The year was 1990.
FYI, I googled important events from 1990. George Bush was president. Nelson Mandela was released from prison. I was in my third year of college. Honestly, I remember little else. Even the top ten tunes and blockbuster movies have faded into the recesses of my memory. I had other things on my mind. I wanted to go home.
I usually hung out with people older that I was, so most of my friends had either graduated or left for personal reasons. I, never comfortable making new friends, was left alone in the angst of young adulthood, ten hours away from home with a roommate I feared was a female version of Norman Bates from Psycho. To top all of that off, my heart had been broken into a kazillion pieces. Michael Bolton crooned, “How am I supposed to live without you?” on repeat from my cassette player until some friends dragged me from my room and forced me to go horseback riding until I no longer needed Michael Bolton to sooth my soul. All this in one semester! So, at midterm, longing for familiarity and sanity, I moved in with my younger sister whose roommate had also gone home.

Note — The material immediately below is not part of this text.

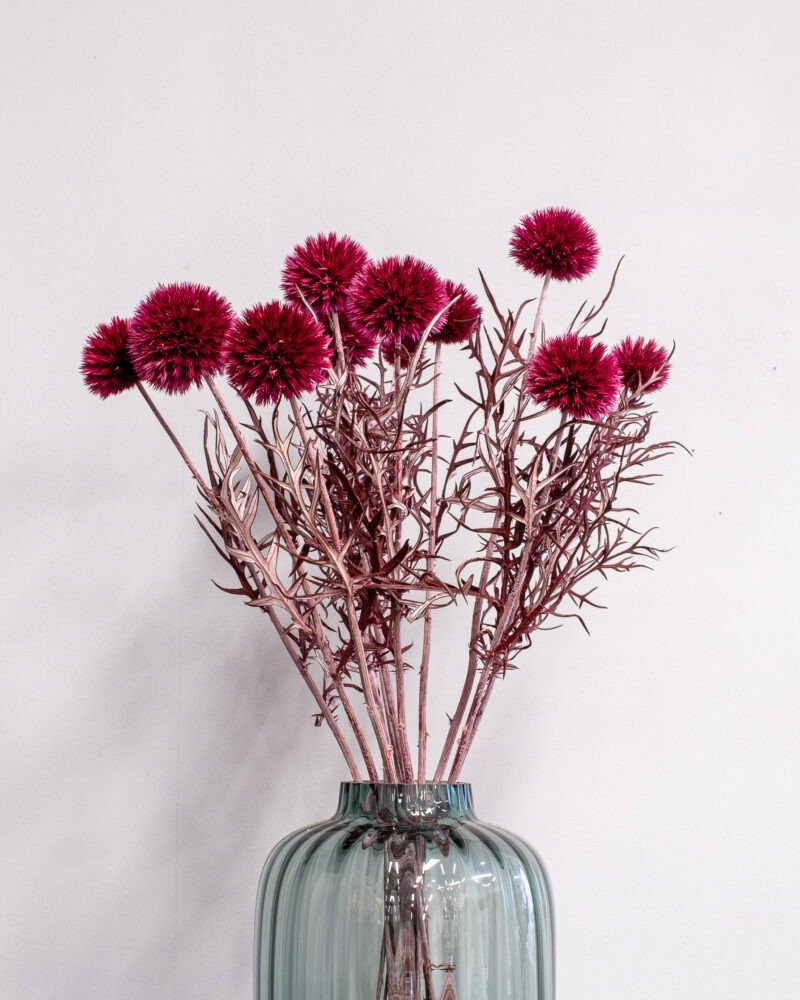 Bolltistel Gigant - Mörkrosa – Torkade Blommor - Bild 2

That, however, did little to ease the nagging feeling I needed and wanted to return home. Our character-building vehicle had finally become undrivable and my student loans began to accumulate despite my work-study job. Did you know, it is almost impossible for a part-time minimum wage earner to keep up with thousands of dollars in tuition per semester, room and board, and outrageously priced textbooks? Well, I know!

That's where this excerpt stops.